Ensuite, on parcoure la hiérarchie d’index et on récupère les nœuds recoupant l’étendue de la vue cartographique et présentant une erreur géométrique acceptable. Enfin, on récupère les données du nuage de points de ces nœuds – soit dans le cache de la couche (s’ils sont déjà en mémoire), soit dans les nœuds d’index, et on dessine les points un par un.

Dans le travail réalisé jusqu’à présent, il a été prévue une seule implémentation du moteur de rendu. Elle dessine des points de taille fixe, la couleur des points est déterminée par l’un des attributs choisis par l’utilisateur (par exemple, l’élévation, la classification, le numéro de retour) et la rampe de couleur choisie. En outre, certaines options de filtrage de base sont prises en charge (par exemple, uniquement le dernier retour, uniquement une ou plusieurs valeurs particulières de la classification, uniquement une plage particulière d’élévations).

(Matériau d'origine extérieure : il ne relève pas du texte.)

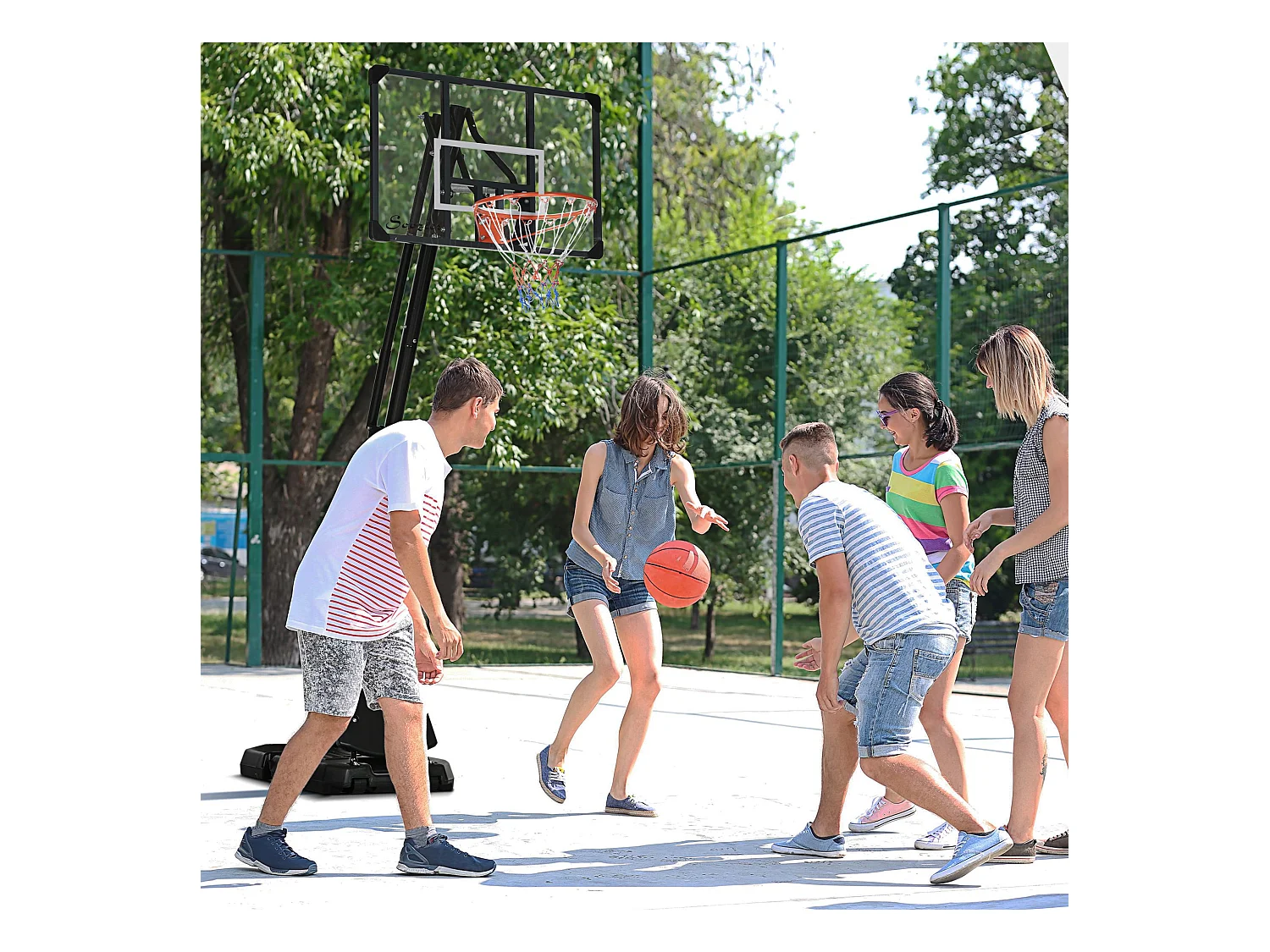 Panier de basketball réglable en hauteur 293-350 cm, avec panneau en acier et roulettes pour jardin et terrain de sport, noir (111x70.5x350 cm)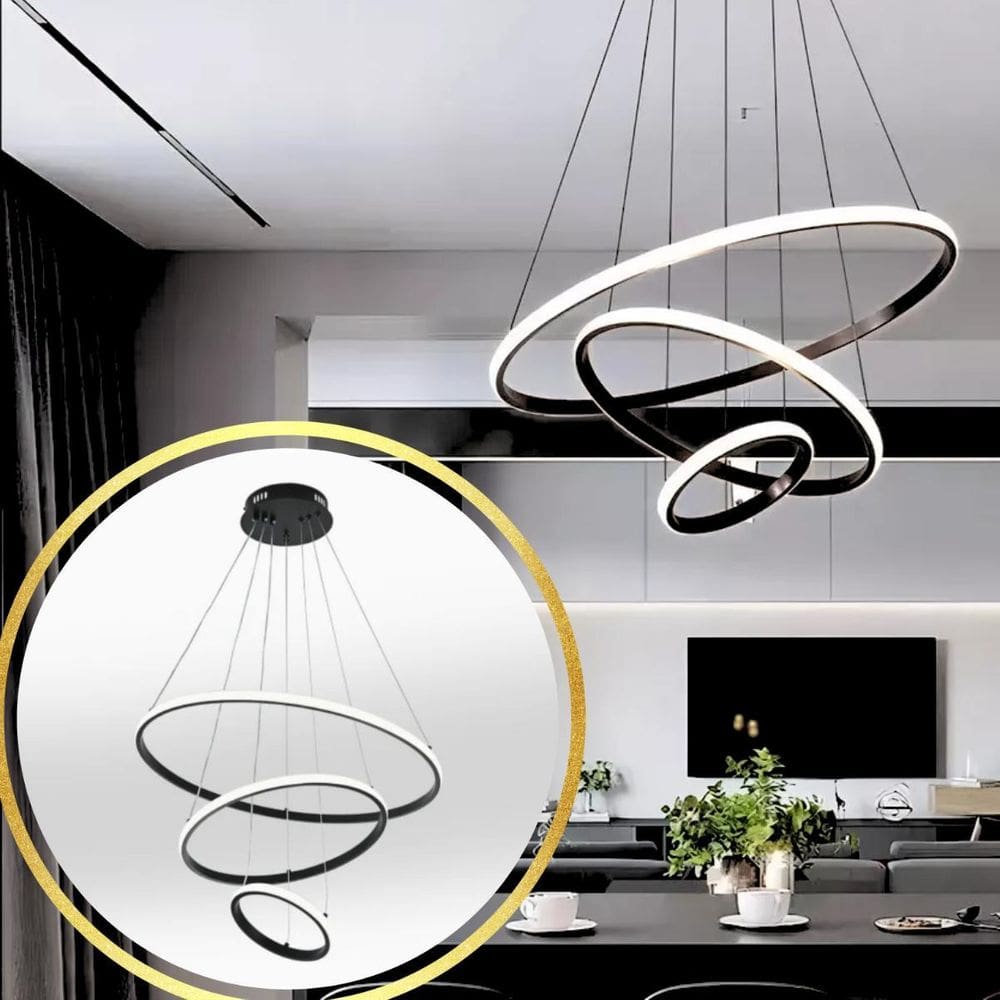 Luminária Led 80 Watts 3 Anéis 115Cm Altura Ajustável Lustre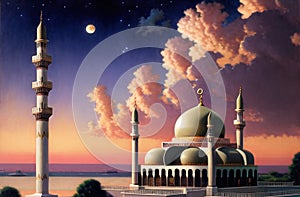 Beautiful Mosque Night Background for Ramadan Kareem, Eid Mubarak, Muslim Festival of Ramzan. Generative AI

À l’avenir, d’autres rendus pourront être ajoutés, comme l’affichage d’une surface interpolée (calculée à la volée à partir de données ponctuelles), d’un ombrage ou de contours.

Rendu 3D

À la base, le rendu des nuages de points en 3D suit les mêmes principes que le rendu en 2D : à l’aide de l’index hiérarchique, on détermine quels nœuds doivent être affichés, sur la base desquels les données ponctuelles sont chargées et affichées dans la scène 3D. Une partie de l’infrastructure nécessaire était déjà en place : Les vues 3D de QGIS prennent en charge le rendu « par morceaux » du terrain depuis le début (au fur et à mesure que l’utilisateur se rapproche du terrain, des élévations plus détaillées et des textures de carte sont rendues). Comme le mécanisme est assez générique et a été étendu aux données des couches vectorielles dans le passé, il l’a été également pour les nuages de points. Par le passé, il était limité par le fait qu’il s’attendait toujours à une hiérarchie quadripartite, mais cela a été mis à jour pour permettre des hiérarchies arborescentes de type octree.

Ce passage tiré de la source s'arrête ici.